In the act_qmaster file, the current hostname will need to be replaced with the new master host's name. This name should be the same as the name returned by the utility gethostname. Run the following command on the new master host:

# $SGE_ROOT/utilbin/<arch>/gethostname
Put this name in the act_qmaster file in place of the old name.
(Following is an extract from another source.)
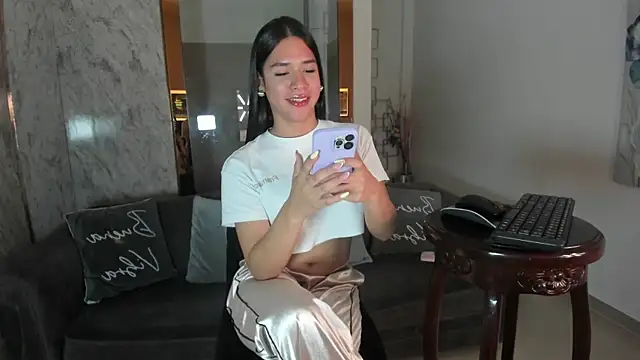 Snapshot of MafeArias23 chatting on January 17, 2026, 1:15 pm MafeArias23 online show from January 17, 2026, 1:15 pm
Run rcsge on the new master host

# $SGE_ROOT/default/common/rcsge -qmaster
This will start up sge_qmaster and sge_schedd on the new master host.
 

4) Modify the shadow_masters file if necessary4

Check if the following file exists:

$SGE_ROOT/$CELL/common/shadow_masters
If it does exist you can add the new qmaster host to this file and remove the old master host, depending on your requirements. Then stop and restart the sge_shadowd daemons by issuing the following commands on the respective machines:
/etc/init.d/rcsge -shadowd stop
/etc/init.d/rcsge -shadowd start
(The location of the system wide rcsge startup script may differ on your operating system.)
You can always use $SGE_ROOT/default/common/rcsge)

Notes

1. The migration procedure migrates to the host on which the " rcsge -migrate" command is issued. If the file primary_qmaster exists, any subsequent calls of rcsge on the machine contained in the primary_qmaster file will cause a migration back to that machine. To avoid such a situation, this file needs to be changed or deleted:

$SGE_ROOT/$SGE_CELL/common/primary_qmaster
Existence of the primary_qmaster file does not imply that the qmaster is actually running.
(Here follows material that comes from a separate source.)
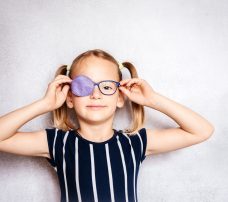 Niedowidzenie (amblyopia) – wszystko, co musisz wiedzieć!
2. Jobs may continue to run during the migration procedure, however it is prudent that the grid should be inactive. While the migration is taking place, any SGE commands, such as qsub or qstat will return an error.

3. If the current qmaster is down, there will be a delay in shutting down the scheduler until it times out waiting for contact with the qmaster.

4. The shadow_masters file has no direct effect on the migration procedure. This file will only exist if one or more shadow masters have been configured. For more information on how to set up shadow masters, see the Howto Setting Up A Shadow Master In Grid Engine.